**Directions for this task:**
Your task is to copy the lines of the data below from the line holding "Beacon Zinsholm mobile" through the line holding "ONLY & SONS", inclusive, exactly and with nothing added.

**Material for this exercise:**
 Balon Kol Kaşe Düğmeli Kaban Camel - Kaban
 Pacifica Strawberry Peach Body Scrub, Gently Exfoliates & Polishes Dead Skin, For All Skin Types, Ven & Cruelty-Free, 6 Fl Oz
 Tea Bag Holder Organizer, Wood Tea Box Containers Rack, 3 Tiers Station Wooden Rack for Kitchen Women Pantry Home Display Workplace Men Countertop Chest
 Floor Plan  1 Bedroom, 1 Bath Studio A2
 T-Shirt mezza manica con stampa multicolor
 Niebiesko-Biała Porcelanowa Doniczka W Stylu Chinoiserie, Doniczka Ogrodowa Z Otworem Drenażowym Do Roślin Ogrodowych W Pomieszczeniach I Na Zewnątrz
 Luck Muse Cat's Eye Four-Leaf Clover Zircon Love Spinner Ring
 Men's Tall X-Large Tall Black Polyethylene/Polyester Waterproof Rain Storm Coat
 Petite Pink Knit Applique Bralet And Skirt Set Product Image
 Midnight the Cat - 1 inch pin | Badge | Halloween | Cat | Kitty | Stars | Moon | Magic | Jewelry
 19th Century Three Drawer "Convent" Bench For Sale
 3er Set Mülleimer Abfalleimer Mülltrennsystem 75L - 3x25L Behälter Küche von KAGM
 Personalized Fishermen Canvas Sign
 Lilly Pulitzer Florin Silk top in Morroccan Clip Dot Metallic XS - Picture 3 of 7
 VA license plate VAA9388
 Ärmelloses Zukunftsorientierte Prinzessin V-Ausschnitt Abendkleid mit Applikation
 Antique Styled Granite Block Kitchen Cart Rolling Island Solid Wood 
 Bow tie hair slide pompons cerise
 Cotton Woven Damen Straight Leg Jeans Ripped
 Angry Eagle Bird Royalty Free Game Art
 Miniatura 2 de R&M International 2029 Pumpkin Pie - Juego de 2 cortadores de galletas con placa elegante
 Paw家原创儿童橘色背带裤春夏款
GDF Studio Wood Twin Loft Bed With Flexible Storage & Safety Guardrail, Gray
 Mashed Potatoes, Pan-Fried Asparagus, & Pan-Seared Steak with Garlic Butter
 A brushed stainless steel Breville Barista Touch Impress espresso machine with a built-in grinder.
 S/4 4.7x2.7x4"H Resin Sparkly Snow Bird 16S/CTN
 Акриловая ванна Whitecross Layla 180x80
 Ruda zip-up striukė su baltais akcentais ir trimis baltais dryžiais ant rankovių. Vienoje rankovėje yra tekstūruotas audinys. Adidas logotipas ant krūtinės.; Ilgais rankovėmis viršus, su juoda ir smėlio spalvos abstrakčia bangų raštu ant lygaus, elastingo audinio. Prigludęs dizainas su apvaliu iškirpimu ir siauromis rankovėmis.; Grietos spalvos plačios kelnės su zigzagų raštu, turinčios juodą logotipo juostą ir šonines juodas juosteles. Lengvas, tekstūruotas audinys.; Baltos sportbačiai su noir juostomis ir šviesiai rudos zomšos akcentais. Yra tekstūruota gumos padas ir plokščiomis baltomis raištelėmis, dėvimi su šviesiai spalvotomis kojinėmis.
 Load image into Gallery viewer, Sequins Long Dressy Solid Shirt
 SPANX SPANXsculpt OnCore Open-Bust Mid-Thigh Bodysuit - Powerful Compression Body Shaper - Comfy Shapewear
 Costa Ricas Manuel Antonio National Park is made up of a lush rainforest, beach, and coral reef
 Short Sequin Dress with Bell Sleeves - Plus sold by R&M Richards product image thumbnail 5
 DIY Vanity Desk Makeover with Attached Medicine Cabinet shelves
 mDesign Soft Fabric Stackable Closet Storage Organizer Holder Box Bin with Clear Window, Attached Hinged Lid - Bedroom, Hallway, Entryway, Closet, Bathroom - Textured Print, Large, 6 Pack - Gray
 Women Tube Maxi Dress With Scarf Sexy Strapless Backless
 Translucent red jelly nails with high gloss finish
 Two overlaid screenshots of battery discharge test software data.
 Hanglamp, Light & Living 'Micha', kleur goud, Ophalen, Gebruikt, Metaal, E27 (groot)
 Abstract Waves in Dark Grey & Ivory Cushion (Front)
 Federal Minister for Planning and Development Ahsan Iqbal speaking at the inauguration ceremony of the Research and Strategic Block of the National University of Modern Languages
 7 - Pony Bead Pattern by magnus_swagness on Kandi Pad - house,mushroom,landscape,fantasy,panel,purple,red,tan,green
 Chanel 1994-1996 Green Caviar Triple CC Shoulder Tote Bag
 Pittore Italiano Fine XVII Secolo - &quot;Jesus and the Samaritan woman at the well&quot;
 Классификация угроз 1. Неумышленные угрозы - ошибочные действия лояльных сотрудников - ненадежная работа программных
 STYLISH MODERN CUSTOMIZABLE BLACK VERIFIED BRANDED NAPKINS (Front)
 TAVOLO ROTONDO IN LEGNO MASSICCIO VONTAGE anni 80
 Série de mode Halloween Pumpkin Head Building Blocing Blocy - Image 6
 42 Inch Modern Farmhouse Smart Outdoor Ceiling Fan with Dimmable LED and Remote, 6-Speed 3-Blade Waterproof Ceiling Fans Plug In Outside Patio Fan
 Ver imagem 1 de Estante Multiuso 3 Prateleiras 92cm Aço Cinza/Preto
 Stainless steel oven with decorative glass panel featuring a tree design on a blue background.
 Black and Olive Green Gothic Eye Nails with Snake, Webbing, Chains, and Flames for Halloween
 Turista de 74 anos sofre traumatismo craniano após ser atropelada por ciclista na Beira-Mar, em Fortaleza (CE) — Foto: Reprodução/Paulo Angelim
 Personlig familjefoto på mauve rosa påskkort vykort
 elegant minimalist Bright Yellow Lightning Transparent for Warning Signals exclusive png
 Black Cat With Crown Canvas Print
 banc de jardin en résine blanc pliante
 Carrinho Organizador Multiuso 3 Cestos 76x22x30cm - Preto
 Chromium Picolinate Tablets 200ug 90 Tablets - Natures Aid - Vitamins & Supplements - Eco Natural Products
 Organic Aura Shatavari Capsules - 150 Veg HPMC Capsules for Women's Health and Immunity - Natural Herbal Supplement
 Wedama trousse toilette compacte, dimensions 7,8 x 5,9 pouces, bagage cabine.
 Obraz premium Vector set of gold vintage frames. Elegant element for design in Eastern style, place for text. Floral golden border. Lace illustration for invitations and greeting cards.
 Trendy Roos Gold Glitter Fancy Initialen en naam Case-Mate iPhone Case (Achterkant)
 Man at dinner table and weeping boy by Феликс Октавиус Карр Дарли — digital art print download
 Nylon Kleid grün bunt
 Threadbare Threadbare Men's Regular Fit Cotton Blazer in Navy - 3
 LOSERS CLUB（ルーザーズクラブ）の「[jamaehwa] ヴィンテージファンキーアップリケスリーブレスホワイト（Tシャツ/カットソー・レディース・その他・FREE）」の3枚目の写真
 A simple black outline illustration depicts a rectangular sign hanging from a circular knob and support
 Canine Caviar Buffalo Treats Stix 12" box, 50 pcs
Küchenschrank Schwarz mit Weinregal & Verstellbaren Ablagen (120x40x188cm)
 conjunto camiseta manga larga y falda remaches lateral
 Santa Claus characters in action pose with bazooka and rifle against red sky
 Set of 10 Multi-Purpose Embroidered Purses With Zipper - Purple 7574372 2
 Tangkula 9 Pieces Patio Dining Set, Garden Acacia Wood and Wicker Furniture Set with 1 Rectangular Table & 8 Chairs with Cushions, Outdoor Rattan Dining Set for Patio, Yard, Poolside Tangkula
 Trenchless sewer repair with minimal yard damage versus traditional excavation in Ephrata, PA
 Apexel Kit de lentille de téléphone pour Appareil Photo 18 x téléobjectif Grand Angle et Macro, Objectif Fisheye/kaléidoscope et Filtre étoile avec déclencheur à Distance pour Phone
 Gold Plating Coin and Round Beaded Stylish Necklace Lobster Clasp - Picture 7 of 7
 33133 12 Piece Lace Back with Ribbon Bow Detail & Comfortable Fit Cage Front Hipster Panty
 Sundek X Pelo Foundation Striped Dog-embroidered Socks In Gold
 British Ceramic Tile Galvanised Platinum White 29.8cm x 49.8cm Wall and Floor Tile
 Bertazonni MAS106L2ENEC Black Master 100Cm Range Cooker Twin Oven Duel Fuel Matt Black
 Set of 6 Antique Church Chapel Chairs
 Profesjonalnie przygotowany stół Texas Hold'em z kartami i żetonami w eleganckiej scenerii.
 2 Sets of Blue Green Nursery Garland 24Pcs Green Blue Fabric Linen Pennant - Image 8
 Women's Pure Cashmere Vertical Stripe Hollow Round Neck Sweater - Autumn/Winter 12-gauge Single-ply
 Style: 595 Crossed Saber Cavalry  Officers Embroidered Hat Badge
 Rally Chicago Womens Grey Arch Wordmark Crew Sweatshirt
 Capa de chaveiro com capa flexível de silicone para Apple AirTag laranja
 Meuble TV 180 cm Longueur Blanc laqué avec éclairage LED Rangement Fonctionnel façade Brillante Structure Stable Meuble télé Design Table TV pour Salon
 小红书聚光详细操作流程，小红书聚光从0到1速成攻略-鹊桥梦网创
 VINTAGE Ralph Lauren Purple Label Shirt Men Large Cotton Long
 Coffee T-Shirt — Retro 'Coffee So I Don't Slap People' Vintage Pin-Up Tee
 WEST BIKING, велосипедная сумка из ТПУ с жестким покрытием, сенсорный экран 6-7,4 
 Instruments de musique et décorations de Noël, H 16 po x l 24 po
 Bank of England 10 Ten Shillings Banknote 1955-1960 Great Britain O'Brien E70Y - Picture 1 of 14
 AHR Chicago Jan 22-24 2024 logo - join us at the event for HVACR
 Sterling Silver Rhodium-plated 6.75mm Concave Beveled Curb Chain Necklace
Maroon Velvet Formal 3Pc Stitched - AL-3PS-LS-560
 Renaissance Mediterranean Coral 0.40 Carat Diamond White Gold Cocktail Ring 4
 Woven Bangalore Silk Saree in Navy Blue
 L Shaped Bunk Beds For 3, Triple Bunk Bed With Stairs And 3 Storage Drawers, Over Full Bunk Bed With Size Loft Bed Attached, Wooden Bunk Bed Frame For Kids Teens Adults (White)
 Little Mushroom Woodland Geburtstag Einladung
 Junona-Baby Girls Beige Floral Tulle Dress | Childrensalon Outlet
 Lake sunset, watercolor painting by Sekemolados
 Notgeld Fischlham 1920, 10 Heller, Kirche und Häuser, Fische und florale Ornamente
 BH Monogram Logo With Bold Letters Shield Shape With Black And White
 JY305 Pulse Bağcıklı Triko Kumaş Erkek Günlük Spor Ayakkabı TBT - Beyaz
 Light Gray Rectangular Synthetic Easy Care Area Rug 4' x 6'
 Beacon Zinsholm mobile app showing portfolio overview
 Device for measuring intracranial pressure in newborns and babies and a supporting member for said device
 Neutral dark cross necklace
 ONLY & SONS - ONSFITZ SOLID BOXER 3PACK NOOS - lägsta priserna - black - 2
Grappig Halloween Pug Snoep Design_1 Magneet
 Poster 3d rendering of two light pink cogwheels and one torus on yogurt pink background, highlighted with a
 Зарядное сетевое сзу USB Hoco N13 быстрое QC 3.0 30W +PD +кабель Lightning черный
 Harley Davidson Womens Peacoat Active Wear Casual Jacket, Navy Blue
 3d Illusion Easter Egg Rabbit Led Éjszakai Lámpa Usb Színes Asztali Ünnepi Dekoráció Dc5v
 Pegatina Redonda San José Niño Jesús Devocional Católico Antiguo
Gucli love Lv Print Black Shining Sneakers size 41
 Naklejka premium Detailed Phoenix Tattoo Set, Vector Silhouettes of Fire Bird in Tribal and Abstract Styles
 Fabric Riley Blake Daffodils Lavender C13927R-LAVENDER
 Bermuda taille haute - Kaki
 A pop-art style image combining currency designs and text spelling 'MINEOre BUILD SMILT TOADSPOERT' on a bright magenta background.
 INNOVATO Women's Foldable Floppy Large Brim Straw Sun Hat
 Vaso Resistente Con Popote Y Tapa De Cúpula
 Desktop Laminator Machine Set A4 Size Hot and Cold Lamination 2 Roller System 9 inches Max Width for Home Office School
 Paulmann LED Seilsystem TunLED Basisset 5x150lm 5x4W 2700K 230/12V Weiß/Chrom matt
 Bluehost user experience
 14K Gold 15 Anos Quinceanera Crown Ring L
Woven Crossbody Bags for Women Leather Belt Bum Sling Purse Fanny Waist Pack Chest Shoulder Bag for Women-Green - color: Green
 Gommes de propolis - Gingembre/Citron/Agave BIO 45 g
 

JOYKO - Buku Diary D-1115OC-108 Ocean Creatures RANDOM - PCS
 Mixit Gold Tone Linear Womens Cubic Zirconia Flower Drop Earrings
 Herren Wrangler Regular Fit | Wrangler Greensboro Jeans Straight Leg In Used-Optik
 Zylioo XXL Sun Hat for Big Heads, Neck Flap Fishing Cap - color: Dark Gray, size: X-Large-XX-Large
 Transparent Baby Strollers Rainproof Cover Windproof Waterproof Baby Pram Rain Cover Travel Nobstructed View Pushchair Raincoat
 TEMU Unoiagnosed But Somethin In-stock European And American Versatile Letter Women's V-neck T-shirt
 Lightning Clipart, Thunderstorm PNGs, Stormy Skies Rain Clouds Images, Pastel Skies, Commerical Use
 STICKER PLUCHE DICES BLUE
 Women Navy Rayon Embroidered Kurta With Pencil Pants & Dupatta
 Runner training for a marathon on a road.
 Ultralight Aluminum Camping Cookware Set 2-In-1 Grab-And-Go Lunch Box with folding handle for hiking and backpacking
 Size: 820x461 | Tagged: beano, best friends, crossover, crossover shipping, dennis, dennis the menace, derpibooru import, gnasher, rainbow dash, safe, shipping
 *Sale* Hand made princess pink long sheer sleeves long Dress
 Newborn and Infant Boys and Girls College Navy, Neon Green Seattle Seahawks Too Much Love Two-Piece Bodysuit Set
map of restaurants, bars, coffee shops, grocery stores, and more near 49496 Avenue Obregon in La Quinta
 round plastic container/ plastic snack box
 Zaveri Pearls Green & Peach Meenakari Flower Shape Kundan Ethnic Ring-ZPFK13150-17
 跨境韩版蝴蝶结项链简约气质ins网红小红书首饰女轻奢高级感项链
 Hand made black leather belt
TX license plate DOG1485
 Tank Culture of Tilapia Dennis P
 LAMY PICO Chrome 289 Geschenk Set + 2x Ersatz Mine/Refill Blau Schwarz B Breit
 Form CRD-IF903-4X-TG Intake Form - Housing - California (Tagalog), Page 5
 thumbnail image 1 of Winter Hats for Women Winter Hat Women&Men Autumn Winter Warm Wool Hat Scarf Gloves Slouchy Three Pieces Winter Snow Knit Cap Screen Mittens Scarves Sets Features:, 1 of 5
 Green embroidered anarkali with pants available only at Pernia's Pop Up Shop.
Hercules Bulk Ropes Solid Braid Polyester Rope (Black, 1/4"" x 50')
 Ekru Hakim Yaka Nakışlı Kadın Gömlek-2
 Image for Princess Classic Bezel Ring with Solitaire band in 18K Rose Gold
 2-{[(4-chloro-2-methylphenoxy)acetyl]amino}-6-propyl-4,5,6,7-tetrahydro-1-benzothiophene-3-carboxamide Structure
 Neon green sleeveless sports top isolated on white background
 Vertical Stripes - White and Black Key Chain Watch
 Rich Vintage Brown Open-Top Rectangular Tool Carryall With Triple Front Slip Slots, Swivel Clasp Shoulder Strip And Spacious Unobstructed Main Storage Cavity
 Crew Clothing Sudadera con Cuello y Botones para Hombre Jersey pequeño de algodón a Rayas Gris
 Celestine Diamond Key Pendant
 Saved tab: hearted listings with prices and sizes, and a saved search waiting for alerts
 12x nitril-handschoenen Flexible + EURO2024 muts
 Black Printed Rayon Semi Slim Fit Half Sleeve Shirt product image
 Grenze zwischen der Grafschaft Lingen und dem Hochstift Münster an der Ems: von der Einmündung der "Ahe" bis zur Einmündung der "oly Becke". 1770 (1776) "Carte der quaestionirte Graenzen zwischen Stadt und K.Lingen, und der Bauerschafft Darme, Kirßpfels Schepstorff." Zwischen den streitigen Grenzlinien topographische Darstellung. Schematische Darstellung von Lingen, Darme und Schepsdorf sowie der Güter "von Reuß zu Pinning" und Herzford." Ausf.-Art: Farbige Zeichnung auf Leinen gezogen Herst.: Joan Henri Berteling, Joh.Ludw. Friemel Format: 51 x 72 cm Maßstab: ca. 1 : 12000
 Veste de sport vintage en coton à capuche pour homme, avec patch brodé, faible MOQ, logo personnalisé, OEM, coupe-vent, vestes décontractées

**Final answer:**
 Beacon Zinsholm mobile app showing portfolio overview
 Device for measuring intracranial pressure in newborns and babies and a supporting member for said device
 Neutral dark cross necklace
 ONLY & SONS - ONSFITZ SOLID BOXER 3PACK NOOS - lägsta priserna - black - 2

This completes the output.